Когда они выходили из ресторана, Миссио заметил, что дождь за окном усилился, капли барабанили по стеклу в каком-то сложном ритме – слишком регулярном для природного явления.
"А если я снова встречу Архитектора?" – спросил Миссио, когда они стояли у входа под небольшим навесом.
"Скажи ему, что ты готов слушать", – ответил Феликс. – "Но не готов растворяться. Это важное различие".
На мгновение свет на улице мигнул, и в отражении мокрого асфальта Миссио увидел тот же символ – огромный, светящийся, словно выжженный в самой ткани реальности.
"Оно здесь", – прошептал Феликс. "И оно очень заинтересовано в том, что ты будешь делать дальше".
Блюз-бар находился в старой части города, где узкие улочки еще сохраняли характер прошлого века – асимметричные булыжные мостовые, фонари в стиле ар-деко, кирпичные здания с потускневшими вывесками. Дождь почти прекратился, но воздух был насыщен влагой, и свет уличных фонарей преломлялся в миллионах подвешенных капель, создавая вокруг них радужное гало.
Миссио шел, ощущая странную легкость. Разговор с Феликсом не дал ответов, но подарил контекст – хотя бы теоретическую рамку, в которую можно было вписать его опыт. Медальон под рубашкой мягко согревал кожу, как будто передавал энергию от сердца к сердцу через века.
Вход в бар был неприметным – темная дверь, небольшая вывеска с силуэтом саксофона, тусклая неоновая подсветка. Но музыка… музыка проникала сквозь стены, заставляя резонировать что-то глубоко внутри. Это был настоящий блюз – не стерильная реконструкция, а живое, дышащее искусство. Каждая нота была насыщена историей и эмоцией, каждый аккорд рассказывал историю страдания и трансформации.

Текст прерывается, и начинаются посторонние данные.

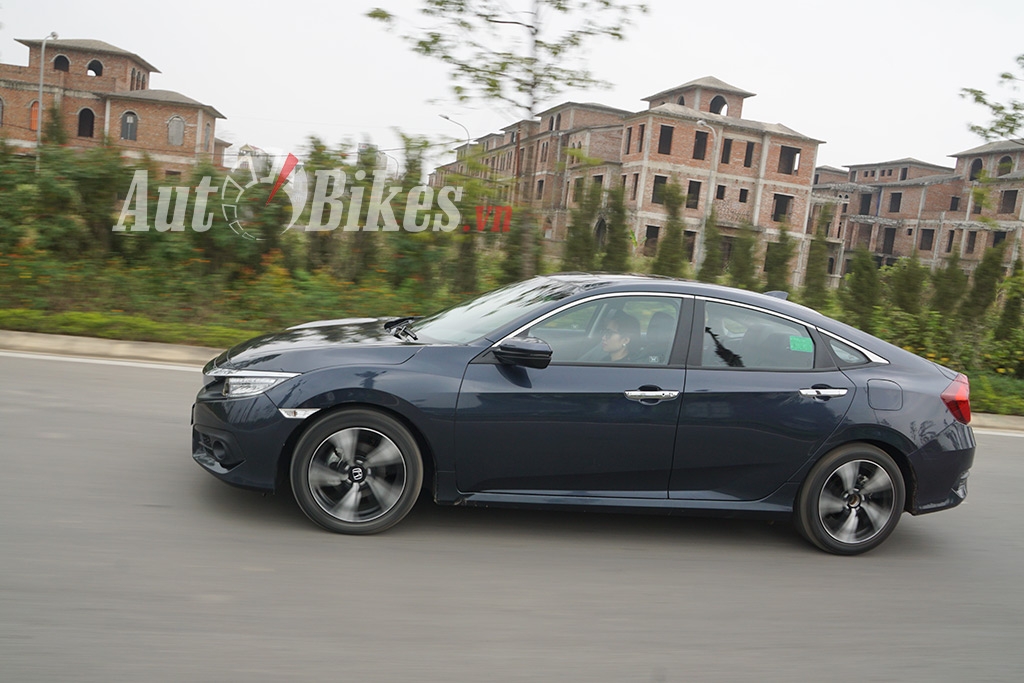 vi sao nguoi viet phat sot voi honda civic 2017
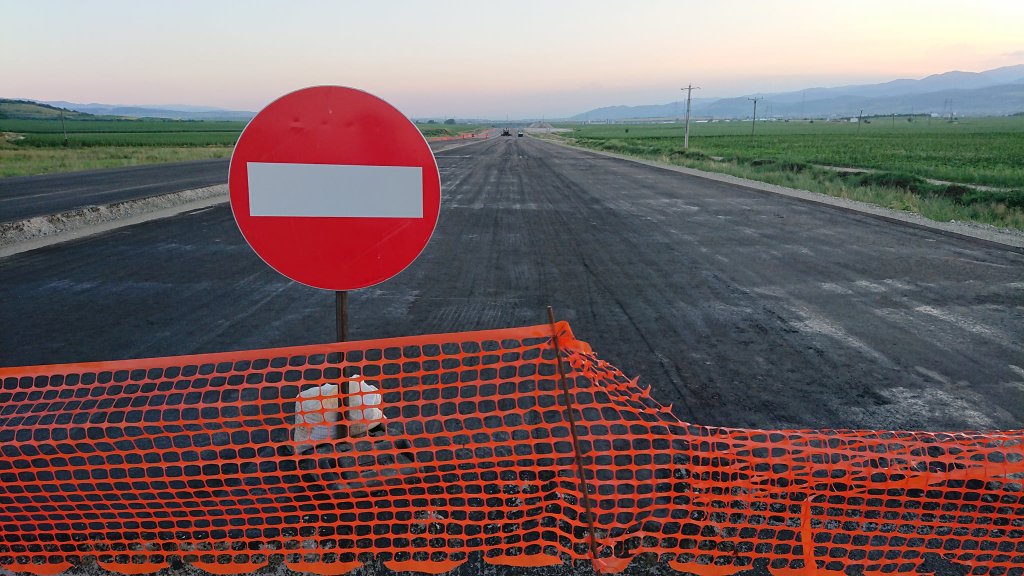 Lucrările la Podul peste Mureş de pe autostrada Lugoj-Deva s-au finalizat. "Solicităm deschiderea circulației fără restricții de tonaj"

Перед самой дверью Миссио остановился, вглядываясь в собственное отражение в тёмном стекле. За его плечом словно мелькнула другая фигура – с длинными закрученными усами, с глазами, полными космического безумия. Сальвадор Дали смотрел на него из другой реальности, и в его взгляде читалось понимание и странное сочувствие.
"Я не ты," – прошептал Миссио своему отражению. – "Я – это я".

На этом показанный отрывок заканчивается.